Moreover, the rent ceiling enforced by the Dubai Land Department (DLD) protects tenants by restricting the amount of rental increase. However, despite regulatory efforts, rent increases continue to be a top concern for the majority of residents in the emirate, who already have to part with a significant portion of their salaries for accommodation alone.
Laura Adams, Co-founder and Managing Director of Carlton Real Estate, says without a parallel increase in income, the increase in rents in Dubai has made it harder for residents to find appropriate housing. ''The landlords presently adopt a take it-or-leave-it attitude when renting their properties to tenants,'' she says.

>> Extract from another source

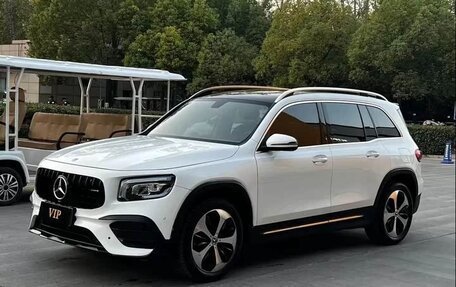 Mercedes-Benz GLB, 2021 год, 2 200 000 рублей, 1 фотография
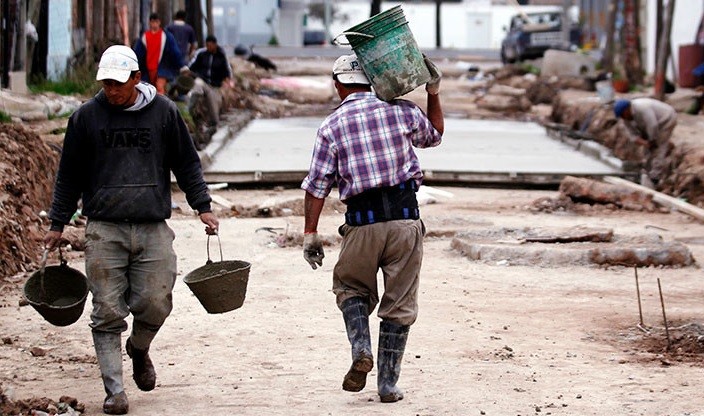 El Gobierno busca que los inmigrantes se instalen en provincias que tengan mayor demanda laboral | Política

''However, they fail to realise that the periods of void that they may have in between due to the high rent expectations eventually bring lesser annual revenue. Additionally, the rent caps do not help everyone as the slabs are too broad... [and] do not consider the age of the building, its features, facilities, etc.
''For instance, as per the rent calculator, a two bedroom apartment in Dubai Marina should be from Dh140,000-Dh190,000, but the buildings are built so differently that some of them may be only worth Dh120,000, while others such as The Address Marina may be worth Dh220,000. In the present ceiling structure, these are all classed in a single bracket.''
Adams believes the rent calculator needs to be made more specific based on the quality of the structure and development, wherein some properties should even be granted a rent increase of up to 25 per cent a year.
According to the newly released Addressing the Housing Gap report by Colliers International, a commercial real estate services firm, there is an affordability gap in Dubai's housing market. It is a globally accepted standard that rent can make about 30 per cent of a household's annual income to allow sufficient money for other expenses.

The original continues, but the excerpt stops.